The space agency announced on Thursday that it’s teaming with Worcester Polytechnic Institute to challenge teams from academia and industry to build a smart robot that can locate and retrieve geologic samples while maneuvering over rugged terrain on an asteroid or Mars.

Registration is open for the competition that will be judged in June 2014. For the challenge, dubbed the Sample Return Robot, NASA is putting up the $1.5 million in prize money, which will be dispersed among teams who complete certain levels of the competition. More information is available from the WPI website.

“The objective of the competition is to encourage innovations in automatic navigation and robotic manipulator technologies that NASA could incorporate into future missions,” said Michael Gazarik, NASA’s associate administrator for space technology, in a statement. “Innovations stemming from this challenge may improve NASA’s capability to explore an asteroid or Mars, and advance robotic technology for use in industries and applications here on Earth.”
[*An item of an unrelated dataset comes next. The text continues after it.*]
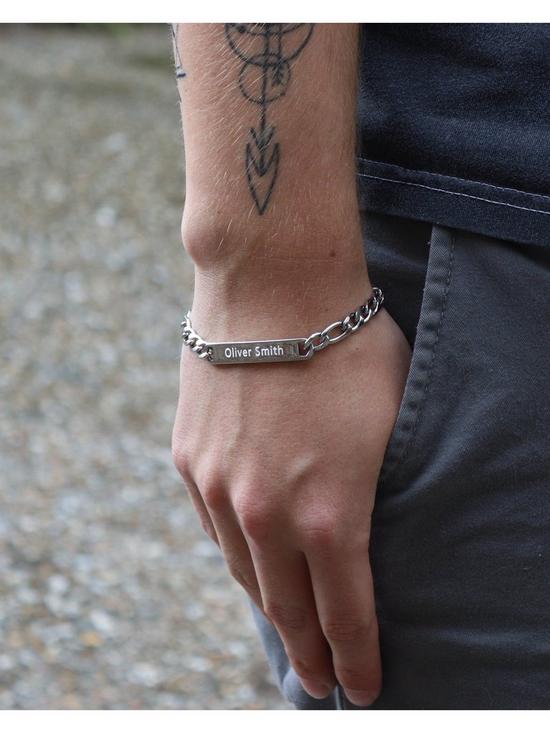 stillFront image of mens-personalised-id-bracelet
This isn’t the first time NASA has looked outside its own walls for robotic assistance. Earlier this year, the space agency awarded $5,000 to Team Survey of Los Angeles for successfully completing a 2013 Sample Return Robot Challenge. NASA noted that it expects the 2014 challenge will advance progress already made and expand the field of competing teams.

NASA wants to advance its robotics technology, which has been behind much of its exploration of Mars.